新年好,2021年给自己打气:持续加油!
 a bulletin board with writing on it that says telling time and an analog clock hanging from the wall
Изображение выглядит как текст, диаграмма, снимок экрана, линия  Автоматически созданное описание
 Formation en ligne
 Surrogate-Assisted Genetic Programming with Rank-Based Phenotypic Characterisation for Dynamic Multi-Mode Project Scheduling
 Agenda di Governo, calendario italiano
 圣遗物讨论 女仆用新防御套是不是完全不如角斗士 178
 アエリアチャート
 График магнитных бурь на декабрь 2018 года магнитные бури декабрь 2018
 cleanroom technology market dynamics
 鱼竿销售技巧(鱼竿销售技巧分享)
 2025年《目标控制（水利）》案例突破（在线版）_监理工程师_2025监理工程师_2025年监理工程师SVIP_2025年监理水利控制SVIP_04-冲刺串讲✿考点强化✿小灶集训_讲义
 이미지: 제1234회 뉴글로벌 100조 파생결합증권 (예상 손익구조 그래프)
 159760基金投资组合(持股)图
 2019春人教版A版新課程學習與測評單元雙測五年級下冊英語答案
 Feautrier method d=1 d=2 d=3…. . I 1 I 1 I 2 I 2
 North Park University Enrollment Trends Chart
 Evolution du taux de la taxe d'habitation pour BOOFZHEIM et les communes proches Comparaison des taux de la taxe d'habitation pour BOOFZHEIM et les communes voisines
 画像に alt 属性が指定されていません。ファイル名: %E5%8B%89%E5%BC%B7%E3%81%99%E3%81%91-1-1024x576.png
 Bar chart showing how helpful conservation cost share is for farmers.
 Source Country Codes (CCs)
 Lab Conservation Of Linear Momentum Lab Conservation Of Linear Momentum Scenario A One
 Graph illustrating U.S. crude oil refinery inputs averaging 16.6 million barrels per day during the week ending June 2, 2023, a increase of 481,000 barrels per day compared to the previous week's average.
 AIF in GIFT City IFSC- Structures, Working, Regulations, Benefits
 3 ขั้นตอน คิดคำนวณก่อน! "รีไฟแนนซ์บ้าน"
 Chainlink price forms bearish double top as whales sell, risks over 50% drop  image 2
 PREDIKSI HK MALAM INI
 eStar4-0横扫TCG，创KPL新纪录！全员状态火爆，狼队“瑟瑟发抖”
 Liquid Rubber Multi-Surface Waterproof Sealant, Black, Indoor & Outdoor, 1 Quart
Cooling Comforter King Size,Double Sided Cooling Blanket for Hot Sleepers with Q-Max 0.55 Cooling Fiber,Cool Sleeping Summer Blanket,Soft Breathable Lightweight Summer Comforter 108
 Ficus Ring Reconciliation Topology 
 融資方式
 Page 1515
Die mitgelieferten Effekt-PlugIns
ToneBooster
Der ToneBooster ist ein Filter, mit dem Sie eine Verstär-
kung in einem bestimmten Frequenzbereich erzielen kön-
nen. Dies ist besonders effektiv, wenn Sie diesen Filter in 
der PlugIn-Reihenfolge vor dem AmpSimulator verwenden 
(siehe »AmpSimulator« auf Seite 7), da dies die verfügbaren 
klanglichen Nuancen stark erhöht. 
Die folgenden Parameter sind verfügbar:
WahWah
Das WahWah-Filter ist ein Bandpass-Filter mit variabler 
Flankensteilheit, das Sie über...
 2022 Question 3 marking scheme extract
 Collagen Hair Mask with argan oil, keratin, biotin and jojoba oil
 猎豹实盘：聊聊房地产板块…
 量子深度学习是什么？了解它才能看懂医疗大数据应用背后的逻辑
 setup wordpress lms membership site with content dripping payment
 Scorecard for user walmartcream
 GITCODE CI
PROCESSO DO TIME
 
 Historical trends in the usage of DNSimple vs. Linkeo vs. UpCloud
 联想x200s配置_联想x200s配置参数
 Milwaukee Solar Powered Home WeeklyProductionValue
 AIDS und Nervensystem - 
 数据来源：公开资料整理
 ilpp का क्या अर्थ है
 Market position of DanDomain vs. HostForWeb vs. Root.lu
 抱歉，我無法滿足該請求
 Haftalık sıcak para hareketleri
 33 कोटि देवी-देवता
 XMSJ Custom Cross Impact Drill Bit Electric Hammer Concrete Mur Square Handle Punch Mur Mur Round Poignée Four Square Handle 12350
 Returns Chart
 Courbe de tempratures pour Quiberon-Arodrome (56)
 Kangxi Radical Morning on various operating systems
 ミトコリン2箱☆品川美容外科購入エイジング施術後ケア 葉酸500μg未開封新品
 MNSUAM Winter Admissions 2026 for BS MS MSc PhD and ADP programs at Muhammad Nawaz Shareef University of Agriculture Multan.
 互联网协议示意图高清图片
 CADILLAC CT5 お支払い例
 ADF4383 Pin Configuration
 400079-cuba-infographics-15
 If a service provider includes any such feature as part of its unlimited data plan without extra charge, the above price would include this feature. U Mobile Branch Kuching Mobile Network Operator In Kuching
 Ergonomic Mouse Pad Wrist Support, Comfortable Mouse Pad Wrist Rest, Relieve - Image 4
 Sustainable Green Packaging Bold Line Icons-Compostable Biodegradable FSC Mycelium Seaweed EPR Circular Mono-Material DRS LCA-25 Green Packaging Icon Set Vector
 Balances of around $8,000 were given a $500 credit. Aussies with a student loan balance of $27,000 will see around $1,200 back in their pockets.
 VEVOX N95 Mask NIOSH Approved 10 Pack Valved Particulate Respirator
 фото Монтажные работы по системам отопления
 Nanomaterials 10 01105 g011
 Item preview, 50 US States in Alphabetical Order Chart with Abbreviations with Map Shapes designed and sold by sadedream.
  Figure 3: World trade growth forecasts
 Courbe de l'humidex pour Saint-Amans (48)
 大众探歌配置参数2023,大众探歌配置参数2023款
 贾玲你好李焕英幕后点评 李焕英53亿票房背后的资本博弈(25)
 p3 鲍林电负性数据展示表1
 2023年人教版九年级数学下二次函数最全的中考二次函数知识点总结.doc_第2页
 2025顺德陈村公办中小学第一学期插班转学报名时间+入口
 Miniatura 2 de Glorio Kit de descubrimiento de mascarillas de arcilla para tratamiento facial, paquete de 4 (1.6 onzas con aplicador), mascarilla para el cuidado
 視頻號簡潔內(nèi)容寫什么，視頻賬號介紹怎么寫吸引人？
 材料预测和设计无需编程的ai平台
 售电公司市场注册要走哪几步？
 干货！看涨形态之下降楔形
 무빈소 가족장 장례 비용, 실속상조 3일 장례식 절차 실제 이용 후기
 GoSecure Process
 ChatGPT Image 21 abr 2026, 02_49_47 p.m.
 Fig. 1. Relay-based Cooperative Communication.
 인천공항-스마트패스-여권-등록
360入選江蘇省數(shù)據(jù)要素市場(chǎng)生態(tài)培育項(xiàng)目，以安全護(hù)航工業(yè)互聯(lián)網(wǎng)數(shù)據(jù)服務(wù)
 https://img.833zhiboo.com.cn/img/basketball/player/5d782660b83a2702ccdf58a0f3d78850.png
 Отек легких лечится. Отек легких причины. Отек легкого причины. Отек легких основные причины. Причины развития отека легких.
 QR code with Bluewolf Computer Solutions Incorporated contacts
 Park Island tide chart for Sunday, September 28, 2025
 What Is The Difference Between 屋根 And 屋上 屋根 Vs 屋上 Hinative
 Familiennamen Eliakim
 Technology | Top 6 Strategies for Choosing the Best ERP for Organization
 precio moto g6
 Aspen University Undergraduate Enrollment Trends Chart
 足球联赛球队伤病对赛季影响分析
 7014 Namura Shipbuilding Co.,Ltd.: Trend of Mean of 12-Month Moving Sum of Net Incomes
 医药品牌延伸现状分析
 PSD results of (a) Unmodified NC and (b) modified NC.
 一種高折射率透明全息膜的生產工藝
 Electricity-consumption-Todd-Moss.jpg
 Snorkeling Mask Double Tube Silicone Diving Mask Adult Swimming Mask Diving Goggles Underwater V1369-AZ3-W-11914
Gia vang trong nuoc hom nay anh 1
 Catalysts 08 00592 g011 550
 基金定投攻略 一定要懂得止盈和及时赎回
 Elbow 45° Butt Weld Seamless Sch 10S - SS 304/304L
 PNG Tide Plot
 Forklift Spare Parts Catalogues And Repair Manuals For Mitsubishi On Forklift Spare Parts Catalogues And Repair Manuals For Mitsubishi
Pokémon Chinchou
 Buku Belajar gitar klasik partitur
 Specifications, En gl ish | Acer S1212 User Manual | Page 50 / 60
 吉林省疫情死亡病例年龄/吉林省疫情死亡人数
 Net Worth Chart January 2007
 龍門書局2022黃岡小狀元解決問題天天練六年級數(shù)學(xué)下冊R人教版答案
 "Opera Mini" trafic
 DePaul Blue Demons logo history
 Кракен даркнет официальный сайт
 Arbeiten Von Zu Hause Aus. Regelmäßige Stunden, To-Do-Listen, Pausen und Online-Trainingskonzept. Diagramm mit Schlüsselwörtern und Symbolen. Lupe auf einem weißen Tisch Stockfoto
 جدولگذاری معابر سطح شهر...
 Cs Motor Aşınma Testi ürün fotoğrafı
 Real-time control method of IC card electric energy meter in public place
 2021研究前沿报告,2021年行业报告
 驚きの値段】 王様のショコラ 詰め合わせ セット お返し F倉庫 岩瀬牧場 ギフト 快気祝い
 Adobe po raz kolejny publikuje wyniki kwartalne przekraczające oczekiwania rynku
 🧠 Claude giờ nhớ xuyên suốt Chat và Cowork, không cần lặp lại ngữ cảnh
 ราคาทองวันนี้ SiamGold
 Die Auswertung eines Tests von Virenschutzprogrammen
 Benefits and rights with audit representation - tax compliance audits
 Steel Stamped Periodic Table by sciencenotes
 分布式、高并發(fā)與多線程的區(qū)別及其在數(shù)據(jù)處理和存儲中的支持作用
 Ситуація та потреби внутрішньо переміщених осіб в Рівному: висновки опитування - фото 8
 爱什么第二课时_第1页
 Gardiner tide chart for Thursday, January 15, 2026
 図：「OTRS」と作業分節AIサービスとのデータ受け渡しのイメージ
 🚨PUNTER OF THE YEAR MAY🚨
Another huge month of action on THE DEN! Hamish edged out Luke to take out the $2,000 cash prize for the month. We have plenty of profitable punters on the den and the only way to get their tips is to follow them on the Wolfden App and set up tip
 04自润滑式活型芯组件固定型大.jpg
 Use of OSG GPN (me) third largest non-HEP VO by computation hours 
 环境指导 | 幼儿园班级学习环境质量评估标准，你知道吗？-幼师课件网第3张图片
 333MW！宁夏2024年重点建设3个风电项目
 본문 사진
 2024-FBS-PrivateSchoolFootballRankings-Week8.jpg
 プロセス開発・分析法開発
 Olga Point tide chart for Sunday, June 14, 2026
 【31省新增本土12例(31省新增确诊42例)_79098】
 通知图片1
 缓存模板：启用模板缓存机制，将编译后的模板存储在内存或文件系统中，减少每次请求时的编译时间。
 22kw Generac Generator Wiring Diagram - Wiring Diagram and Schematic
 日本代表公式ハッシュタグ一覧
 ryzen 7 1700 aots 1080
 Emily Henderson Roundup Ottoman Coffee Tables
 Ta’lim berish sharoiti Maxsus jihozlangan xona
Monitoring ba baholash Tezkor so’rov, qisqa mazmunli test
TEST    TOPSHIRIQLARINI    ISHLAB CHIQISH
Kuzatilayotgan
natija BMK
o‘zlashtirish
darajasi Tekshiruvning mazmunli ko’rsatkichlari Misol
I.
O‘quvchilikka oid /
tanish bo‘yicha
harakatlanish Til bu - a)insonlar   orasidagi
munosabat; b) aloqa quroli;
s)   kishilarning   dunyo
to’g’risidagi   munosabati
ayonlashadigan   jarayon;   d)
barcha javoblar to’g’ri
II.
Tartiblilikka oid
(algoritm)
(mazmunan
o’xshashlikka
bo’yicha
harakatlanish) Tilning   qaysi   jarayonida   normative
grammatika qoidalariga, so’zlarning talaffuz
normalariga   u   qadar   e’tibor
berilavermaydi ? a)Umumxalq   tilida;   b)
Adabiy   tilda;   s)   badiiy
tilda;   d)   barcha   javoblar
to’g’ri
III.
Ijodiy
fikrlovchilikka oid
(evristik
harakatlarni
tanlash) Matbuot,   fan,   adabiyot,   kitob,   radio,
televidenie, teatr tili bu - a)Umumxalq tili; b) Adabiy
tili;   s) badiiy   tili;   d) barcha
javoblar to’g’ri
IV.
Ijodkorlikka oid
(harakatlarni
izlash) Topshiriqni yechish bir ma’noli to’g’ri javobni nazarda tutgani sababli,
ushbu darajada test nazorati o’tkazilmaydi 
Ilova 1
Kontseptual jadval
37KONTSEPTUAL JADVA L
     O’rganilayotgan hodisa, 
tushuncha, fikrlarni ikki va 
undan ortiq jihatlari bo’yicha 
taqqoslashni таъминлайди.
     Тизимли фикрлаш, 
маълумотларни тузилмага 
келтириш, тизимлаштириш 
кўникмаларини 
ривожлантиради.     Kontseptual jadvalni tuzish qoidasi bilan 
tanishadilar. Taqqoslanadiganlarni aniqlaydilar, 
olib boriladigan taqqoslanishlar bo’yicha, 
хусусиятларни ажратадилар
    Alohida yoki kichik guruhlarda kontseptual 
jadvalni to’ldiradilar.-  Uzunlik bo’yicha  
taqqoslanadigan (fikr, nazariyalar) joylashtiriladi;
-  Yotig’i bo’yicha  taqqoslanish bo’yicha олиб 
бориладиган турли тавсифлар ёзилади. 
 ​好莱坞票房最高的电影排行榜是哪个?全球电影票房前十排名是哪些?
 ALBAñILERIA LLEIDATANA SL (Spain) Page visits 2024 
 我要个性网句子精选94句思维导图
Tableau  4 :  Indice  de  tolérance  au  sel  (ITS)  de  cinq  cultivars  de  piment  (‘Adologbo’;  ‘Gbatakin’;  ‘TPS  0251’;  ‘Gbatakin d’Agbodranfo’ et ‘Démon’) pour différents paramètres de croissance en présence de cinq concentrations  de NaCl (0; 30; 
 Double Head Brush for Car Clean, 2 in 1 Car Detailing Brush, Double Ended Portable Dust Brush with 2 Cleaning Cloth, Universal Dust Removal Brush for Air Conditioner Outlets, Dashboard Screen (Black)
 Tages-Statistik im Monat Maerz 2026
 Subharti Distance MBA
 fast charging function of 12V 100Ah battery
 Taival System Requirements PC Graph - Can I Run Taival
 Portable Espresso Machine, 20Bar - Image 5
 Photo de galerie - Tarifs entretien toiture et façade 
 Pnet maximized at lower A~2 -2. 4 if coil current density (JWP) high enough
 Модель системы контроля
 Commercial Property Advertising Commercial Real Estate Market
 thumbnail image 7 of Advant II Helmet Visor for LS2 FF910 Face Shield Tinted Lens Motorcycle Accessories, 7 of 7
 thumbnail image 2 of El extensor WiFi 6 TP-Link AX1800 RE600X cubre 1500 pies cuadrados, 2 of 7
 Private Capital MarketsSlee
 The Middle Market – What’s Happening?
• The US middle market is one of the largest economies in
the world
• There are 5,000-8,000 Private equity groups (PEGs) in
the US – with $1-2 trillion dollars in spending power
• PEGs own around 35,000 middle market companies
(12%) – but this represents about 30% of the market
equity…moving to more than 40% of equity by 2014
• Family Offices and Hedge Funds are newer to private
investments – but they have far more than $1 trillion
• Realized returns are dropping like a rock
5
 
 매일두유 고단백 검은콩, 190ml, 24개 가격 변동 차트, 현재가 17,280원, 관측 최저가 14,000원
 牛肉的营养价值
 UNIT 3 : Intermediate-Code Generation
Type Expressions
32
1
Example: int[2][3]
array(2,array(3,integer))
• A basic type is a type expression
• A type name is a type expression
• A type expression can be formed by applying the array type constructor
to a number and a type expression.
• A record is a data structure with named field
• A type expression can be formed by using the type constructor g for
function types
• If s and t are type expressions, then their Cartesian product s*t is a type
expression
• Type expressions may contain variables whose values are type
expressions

Task goal
Reproduce only the lines above, starting at the line with "фото Монтажные работы по системам отопления" and ending at the line with "p3 鲍林电负性数据展示表1", exactly as written.

Task response
 фото Монтажные работы по системам отопления
 Nanomaterials 10 01105 g011
 Item preview, 50 US States in Alphabetical Order Chart with Abbreviations with Map Shapes designed and sold by sadedream.
  Figure 3: World trade growth forecasts
 Courbe de l'humidex pour Saint-Amans (48)
 大众探歌配置参数2023,大众探歌配置参数2023款
 贾玲你好李焕英幕后点评 李焕英53亿票房背后的资本博弈(25)
 p3 鲍林电负性数据展示表1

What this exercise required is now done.